Personal information
- Full name: Archibald William Campbell McDonald
- Date of birth: 25 December 1882
- Place of birth: Nagambie, Victoria
- Date of death: 20 July 1932 (aged 49)
- Place of death: Melbourne, Victoria

Playing career^{1}
- Years: Club / Games (Goals)
- 1905: Essendon / 1 (0)
- ^{1} Playing statistics correct to the end of 1905.
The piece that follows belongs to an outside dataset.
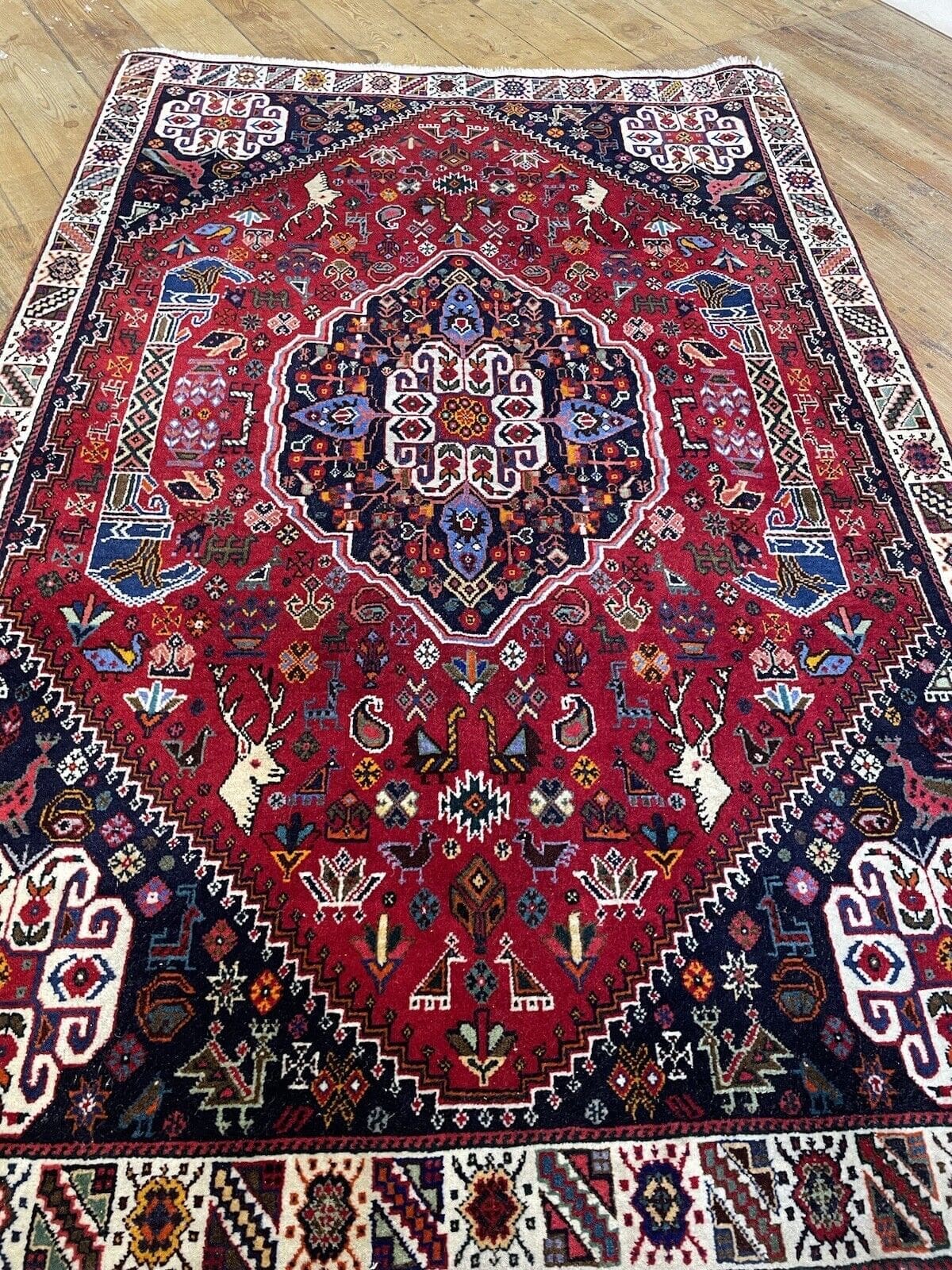Perserteppich Ghashgai 164x100 cm Wolle handgeknüpft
= Arch McDonald (footballer) =

Australian rules footballer (1882–1932)

Archibald William Campbell McDonald (25 December 1882 – 20 July 1932) was an Australian rules footballer who played for the Essendon Football Club in the Victorian Football League (VFL).

==Family==
===Parents===
The son of Patrick McDonald (1852–1928), and Margaret McDonald (1853–1928), née Figgins, Archibald William Campbell McDonald, one of five boys and three girls, was born on 25 December 1882 in Nagambie, Victoria.

===Siblings===
Two of his brothers, Edwin Patrick "Ted" McDonald (1875–1919), and Fenley John "Fen" McDonald (1891–1915) also played VFL football; Ted, with Essendon, and Fen with both Carlton and Melbourne.

Fen enlisted in the First AIF, and was killed in action during the landing at Anzac Cove, Gallipoli, in Turkey on 25 April 1915. Another brother, Stanley David McDonald (1888–1945), also served in the First AIF, enlisting on 20 May 1915, before the news of Fen's death had reached his family.

Arch married Susan Lillian Patten (1884–1972) in 1910.

==Football==
Arch and Ted played together in their only game with the Essendon First XVIII: the last match of the season, against Fitzroy, at the East Melbourne Cricket Ground, on 9 September 1905.

==Death==
He died in Melbourne on 20 July 1932.